Pianeti Ridotti all’Osso dalla Furia di Sagittarius A*

 

Secondo un team di astrofisici pianeti simili a Nettuno localizzati vicino al centro della Via Lattea potrebbero trasformarsi in pianeti rocciosi, in seguito alle violente emissioni generate dal buco nero supermassiccio che si annida nelle vicinanze. Lo studio combina simulazioni a computer con dati di scoperte recenti sugli esopianeti, così come osservazioni di stelle e buchi neri nei raggi X e in luce ultravioletta.

“È piuttosto strano pensare che i buchi neri possano forgiare il destino evolutivo di un pianeta, ma questo può essere davvero il caso del centro della nostra galassia”, ha detto Howard Chen della Northwestern University, Illinois, a guida dello studio. Chen, insieme ai suoi colleghi dell’Harvard-Smithsonian Center for Astrophysics (CfA), ha preso in esame l’ambiente estremo che infuria attorno al buco nero supermassiccio della Via Lattea, Sagittarius A*.
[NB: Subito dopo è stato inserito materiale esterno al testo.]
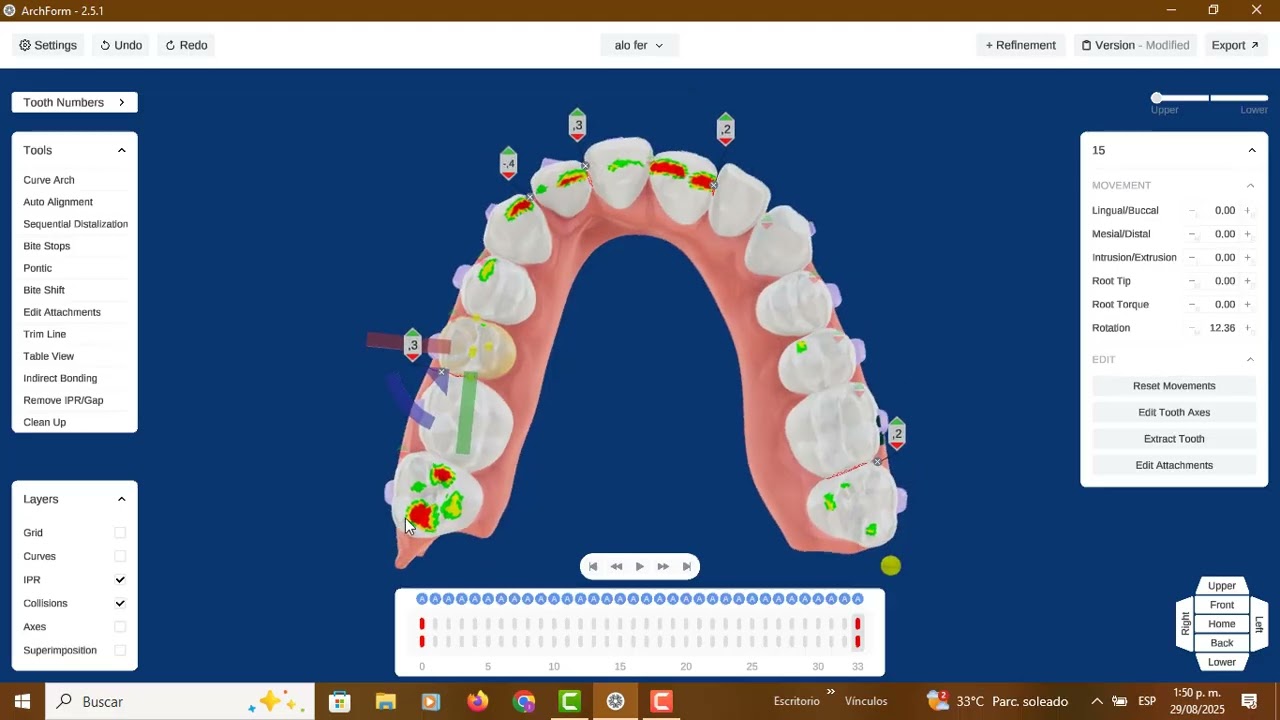 Arch Form 😎 un buen programa para desarrollar ortodoncia con alinedores 🦷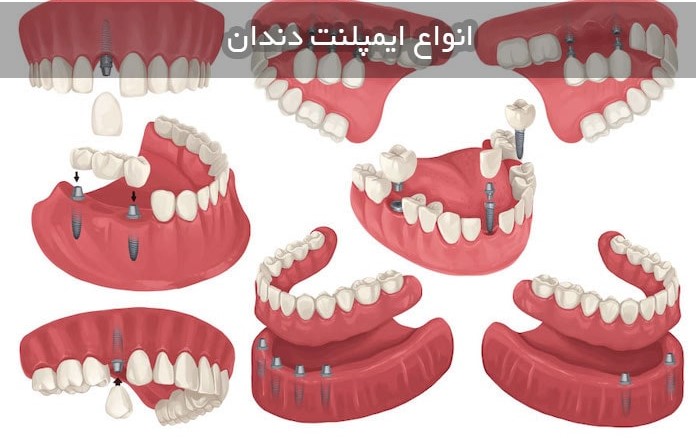 انواع ایمپلنت دندان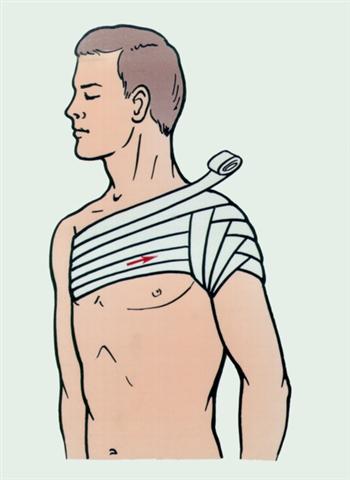 Плечевой сустав. Колосовидная повязка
È ben noto che il materiale in caduta nel vorace buco nero durante i suoi spuntini occasionali genera brillanti esplosioni di radiazione X e ultravioletta. L’osservatorio Chandra e il telescopio XMM-Newton dell’ESA hanno individuato prove di brillanti eruzioni generate in passato dal nucleo galattico, a partire da 6 milioni di anni fa. “Ci siamo domandati cosa queste eruzioni possano significare per i pianeti nelle vicinanze”, afferma John Forbes, un coautore. “Il nostro lavoro dimostra che il buco nero potrebbe cambiare drammaticamente l’esistenza di un pianeta”. Gli autori hanno considerato gli effetti della radiazione ad alta energia su pianeti localizzati entro 70 anni luce dal buco nero, con masse tra quella della Terra e quella di Nettuno. Hanno scoperto che la radiazione X e ultravioletta potrebbe spazzare via gran parte dell’atmosfera gassosa di tali pianeti. In alcuni casi questo processo si lascerebbe alle spalle solo un nucleo roccioso, portando alla formazione di oggetti come le super-Terre.
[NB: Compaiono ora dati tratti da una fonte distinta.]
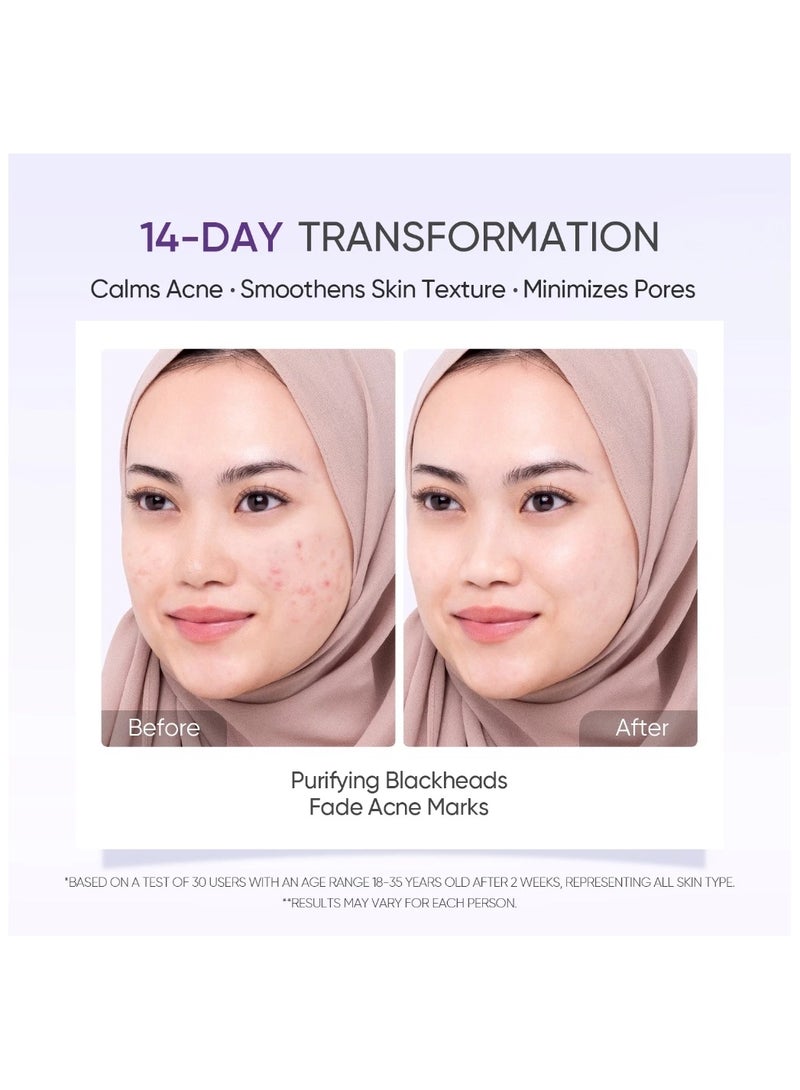 SKINTIFIC Lactic Acid Skin Renewal Exfoliating Serum Acne Treatment Pore-Tightening 20ml  - Image 4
“Le super-Terre sono fra i pianeti più comuni al di fuori del Sistema Solare”, afferma il coautore Avi Loeb. “Il nostro studio dimostra che nel giusto ambiente potrebbero formarsi in modo davvero esotico”. I ricercatori ritengono che l’impatto del buco nero possa essere uno dei metodi di formazione più comuni delle super-Terre rocciose vicino al centro della Via Lattea. Anche se pianeti di questo genere fossero localizzati nella zona abitabile della loro stella, l’ambiente estremo costituirebbe una vera sfida per lo sviluppo della vita. Gli esopianeti infatti sarebbero colpiti da esplosioni di supernova e lampi di raggi gamma, che potrebbero danneggiare la chimica dell’atmosfera eventualmente rimasta sul pianeta roccioso, senza considerare l’effetto delle potenti emissioni provenienti dai dintorni del buco nero supermassiccio.
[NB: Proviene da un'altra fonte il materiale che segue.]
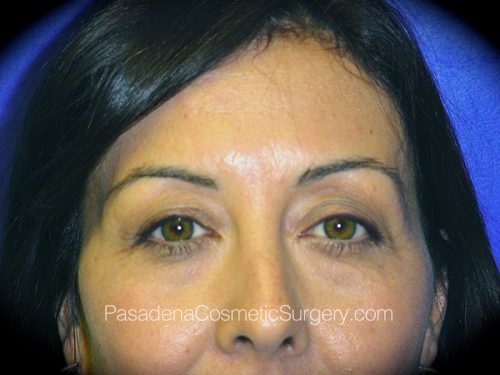 Eyelid Surgery Patient 05 Before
Queste super-Terre potrebbero anche essere soggette a disturbi gravitazionali dovuti a stelle di passaggio, che farebbero schizzare via il pianeta dalla sua orbita attorno alla stella madre. Infatti la regione del centro galattico è assai affollata di stelle. Gli astronomi ipotizzano che entro 70 anni luce dal cuore della Via Lattea la separazione media tra i mondi rocciosi potrebbe essere tra 75 e 750 miliardi di chilometri. Per confronto, la stella più vicina al Sistema Solare dista circa 40.000 miliardi di chilometri. Le sfide per rilevare direttamente questi pianeti sono formidabili: la distanza dal centro galattico, situato a circa 26000 anni luce dalla Terra, la regione affollata e la polvere interstellare frapposta che blocca la luce, rendono davvero difficile osservare simili pianeti. Sarà una sfida che verrà raccolta dalla prossima generazione di telescopi.